Analisis Kebiasaan Bermain Petasan di Bulan Ramadhan fadjar July 24, 2012

Analisis Kebiasaan Bermain Petasan di Bulan Ramadhan

Listyo Yuwanto

Fakultas Psikologi Universitas Surabaya

Bulan Ramadhan merupakan bulan penuh berkah bagi umat muslim, bulan yang harus dihidupkan dengan kekhusyukan beribadah. Di malam-malam bulan Ramadhan, masjid-masjid ramai terisi jamaah untuk menjalankan ibadah sholat Tarawih, suara Tadarus Al Quran berkumandang menambah suasana religius bulan Ramadhan. Namun, saat memasuki bulan Ramadhan suara petasan yang memekakkan telinga juga mulai bermunculan. Mereka yang memainkan petasan mendatangkan kesenangan bagi pelakunya, namun dibalik perilaku tersebut terdapat hal-hal negatif yang dapat ditimbulkannya.

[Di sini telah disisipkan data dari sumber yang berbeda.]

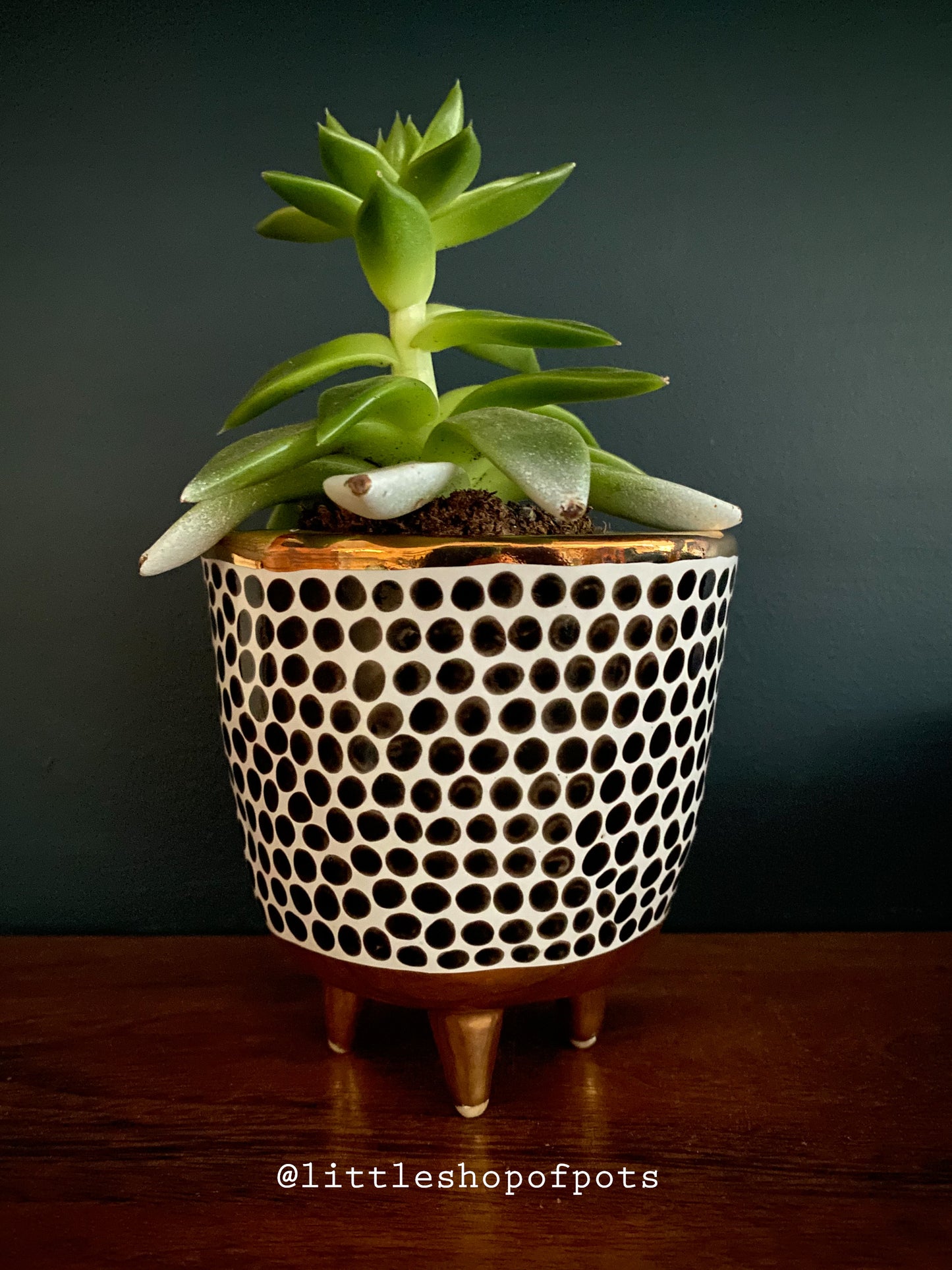 Spotty standing planter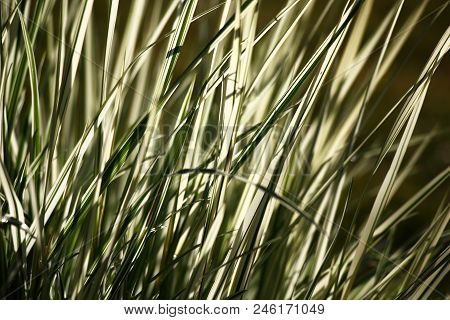 Motley Long Leaves Of A Grass A Ryegrass At Morning Lighting Create A Unique Graphic Picture.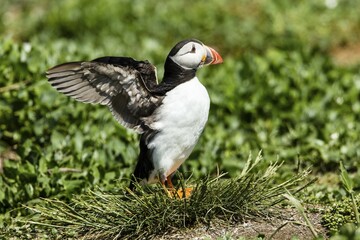 Puffin (Fratercula arctica), Farne Islands, Northumberland, England, United Kingdom, Europe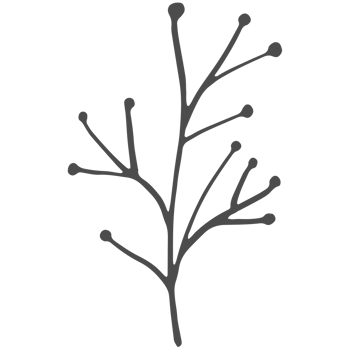 Sketched collection of woodland line png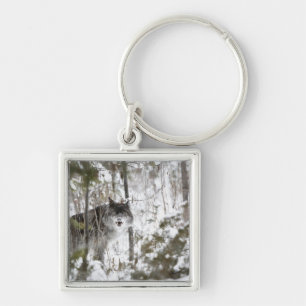 Wolf In The Forest In Winter Keychain
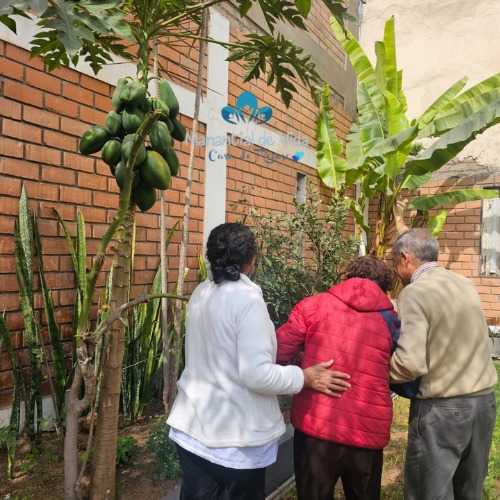  Manantial de Vida Casas de Reposo.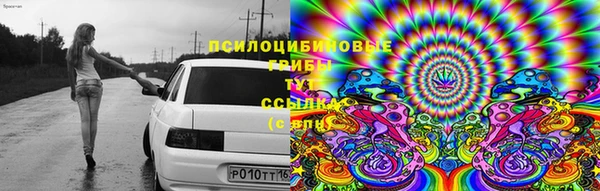 гашиш Бородино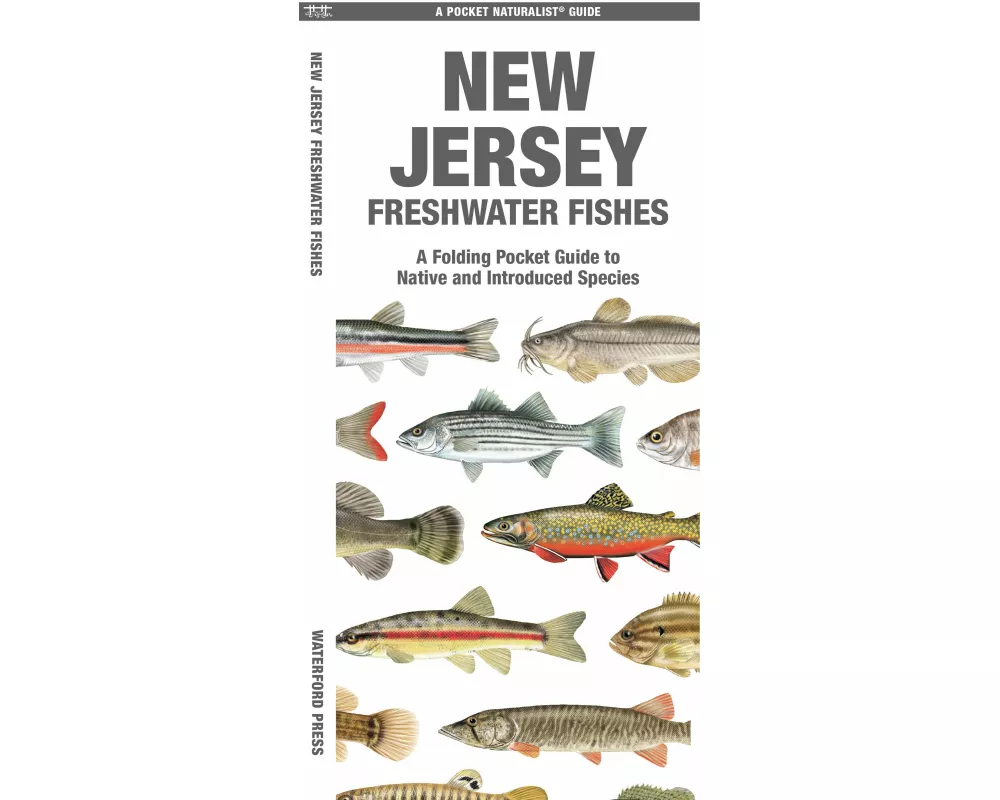 New Jersey Freshwater Fishes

Beberapa dampak negatif yang dapat ditimbulkan dari bermain petasan antara lain ancaman ledakan petasan yang dapat mengakibatkan luka secara fisik. Beberapa data tahun terakhir tentang korban petasan juga sudah ada. Suara petasan yang memekakkan telinga juga berpotensi membuat terkejut orang-orang yang sedang lelap tidur ataupun beristirahat karena bunyi petasan yang tiba-tiba, dan dapat mengancam keselamatan jiwa orang lain yang memiliki gangguan jantung ataupun yang tidak terbiasa mendapatkan kejutan seperti suara petasan. Terutama bermain petasan di jalan yang tentunya dapat mengganggu pengendara di jalan. Hal-hal ini seringkali diabaikan oleh orang-orang yang bermain petasan. Demi kesenangan pribadi maka orang lain dirugikan. Apakah seperti ini yang namanya berkah bulan Ramadhan? Bulan suci umat Muslim akhirnya juga dinodai oleh perilaku negatif dan pelakunya orang-orang yang mengejar kesenangan pribadi.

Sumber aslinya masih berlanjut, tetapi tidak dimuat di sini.